*Work to be completed*
Exactly the lines from the start of the entries through the line with "Letto Matrimoniale Large" are required in the output, with no pictures among them.

[Short descriptive text snippets]

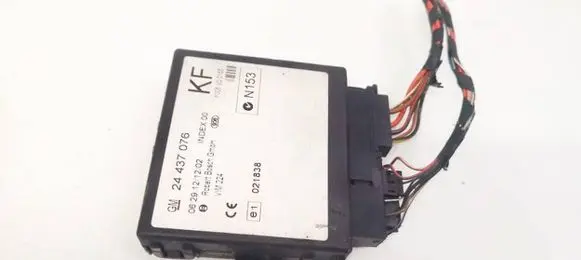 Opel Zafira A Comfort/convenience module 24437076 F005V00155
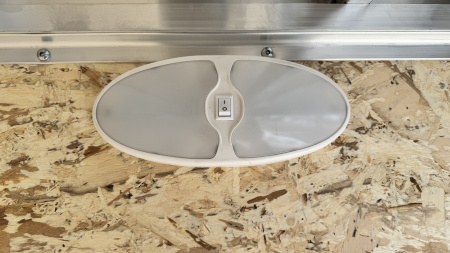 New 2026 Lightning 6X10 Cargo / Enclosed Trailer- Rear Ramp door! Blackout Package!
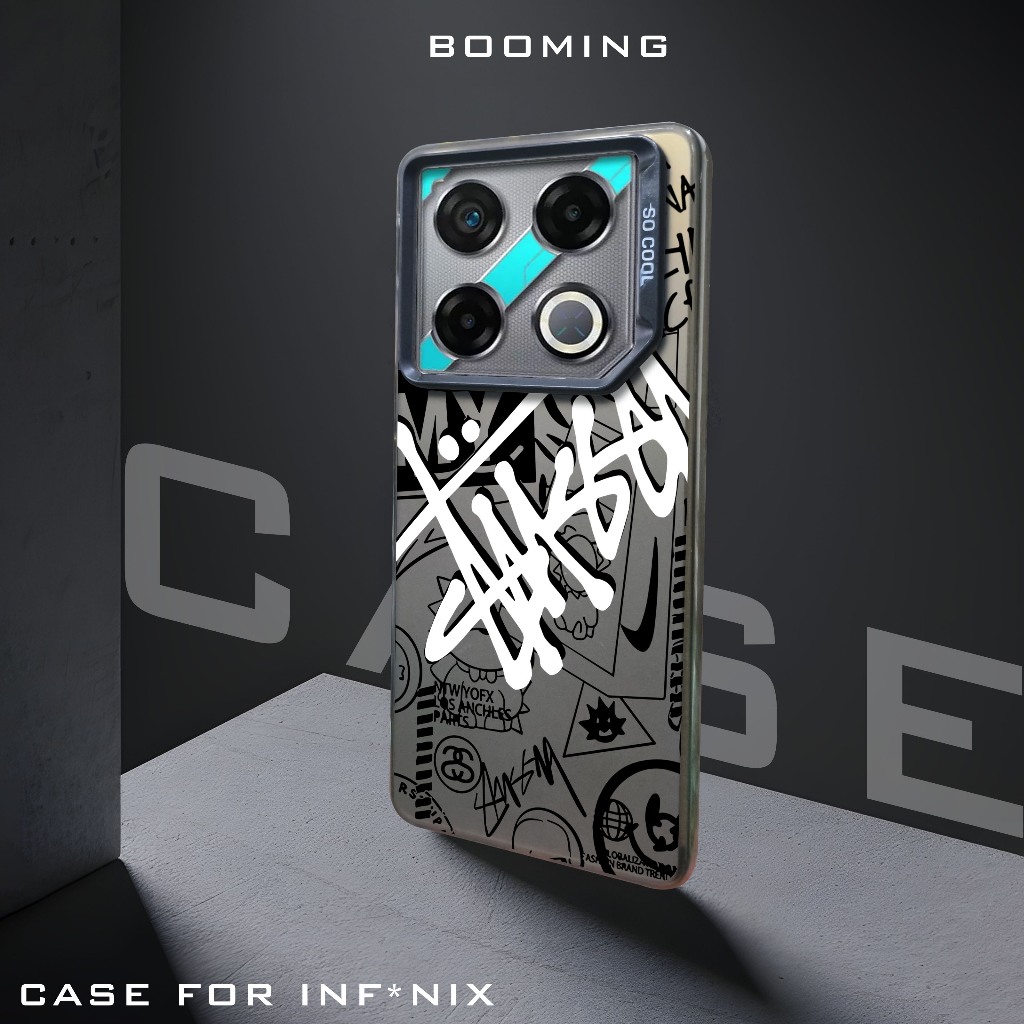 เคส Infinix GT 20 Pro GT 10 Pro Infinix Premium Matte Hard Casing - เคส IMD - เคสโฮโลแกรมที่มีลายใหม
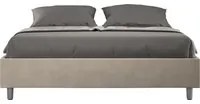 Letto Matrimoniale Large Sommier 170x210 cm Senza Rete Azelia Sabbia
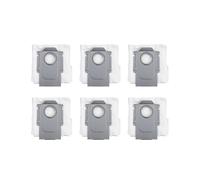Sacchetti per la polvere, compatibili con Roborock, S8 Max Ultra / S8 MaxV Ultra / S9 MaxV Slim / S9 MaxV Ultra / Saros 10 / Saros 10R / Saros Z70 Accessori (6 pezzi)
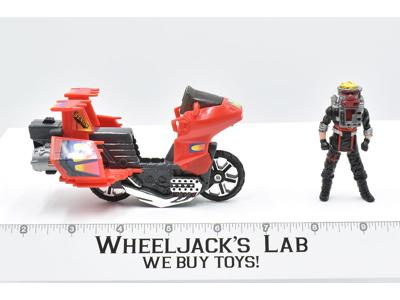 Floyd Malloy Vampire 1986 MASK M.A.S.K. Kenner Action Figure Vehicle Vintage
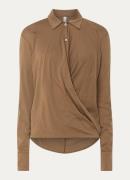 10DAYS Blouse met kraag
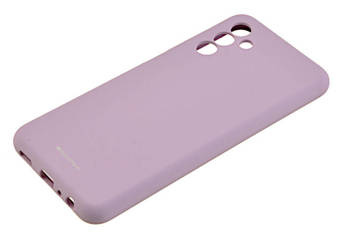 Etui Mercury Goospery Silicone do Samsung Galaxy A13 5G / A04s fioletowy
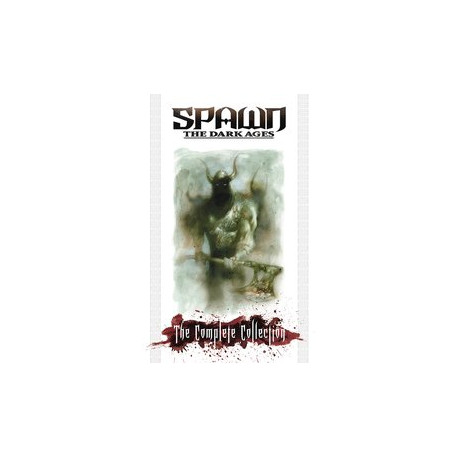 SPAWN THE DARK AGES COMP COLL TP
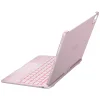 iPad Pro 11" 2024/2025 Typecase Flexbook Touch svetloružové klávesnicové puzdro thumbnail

*Solution below*
 Opel Zafira A Comfort/convenience module 24437076 F005V00155
 New 2026 Lightning 6X10 Cargo / Enclosed Trailer- Rear Ramp door! Blackout Package!
 เคส Infinix GT 20 Pro GT 10 Pro Infinix Premium Matte Hard Casing - เคส IMD - เคสโฮโลแกรมที่มีลายใหม
 Letto Matrimoniale Large Sommier 170x210 cm Senza Rete Azelia Sabbia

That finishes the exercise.